The concept calls for:

  • Matching high school students and especially college students with advisers to stress the importance of graduating on time, discuss course needs and stay on track.
  • Stressing the value of meeting with a college adviser to map out courses and credit hours, and get referrals to tutors, campus resources and career exploration opportunities.
  • Encouraging students to stay on schedule by meeting regularly with the adviser and getting involved in a major field of study.
  • Making the importance of this issue clear to students, parents, teachers, professors and staffers across the state.

Paul Turman, chancellor of the Nebraska State College System, said that avoiding a fifth year of college saves state college students at least $27,000. Turman said partnerships with two-year colleges and the NU system help many fast-track to commencement or into professional programs such as law.

Susan Fritz, interim president of the NU system, said graduating in four years isn’t what is best for every student.
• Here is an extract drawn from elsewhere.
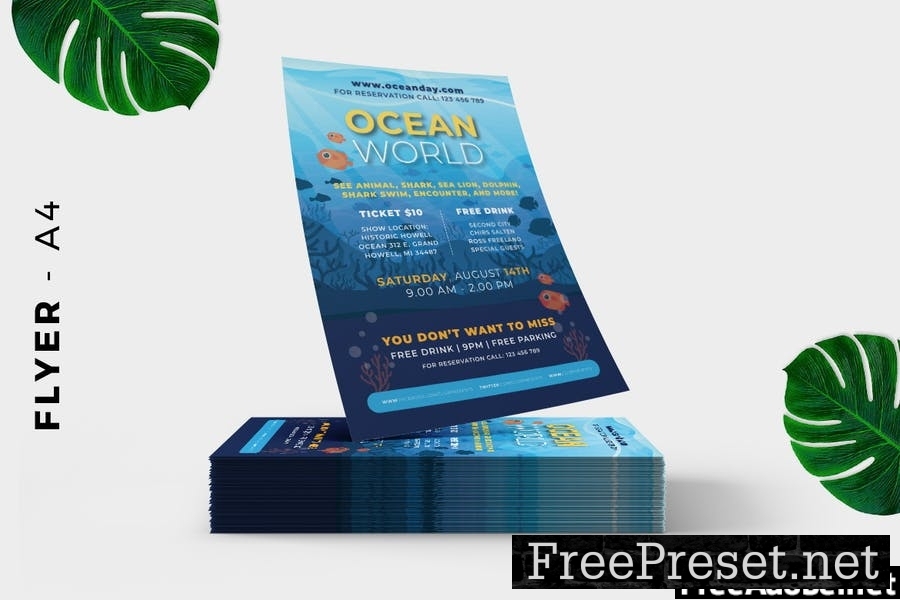 Ocean Concervation Flyer Design 2PYVACV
But getting each student through college efficiently is vital for students, employers and the state’s economy, Fritz said.

The NU system has worked to improve its graduation rates, and that’s evident from statistics provided by the Nebraska Coordinating Commission for Postsecondary Education. The University of Nebraska-Lincoln, for instance, had a four-year graduation rate of 40.6% among students who started in 2012, up from 25.4% among students who started in 2002.

Spending additional years in college leads to more expense and more debt, Ricketts said. “We’ve got a huge need in the state for the folks who get a degree,” he said. “It’s good for the student, it’s good for the state, it’s good for the employers in the state.”

Metropolitan Community College President Randy Schmailzl, Southeast Community College President Paul Illich and State Commissioner of Education Matt Blomstedt also spoke.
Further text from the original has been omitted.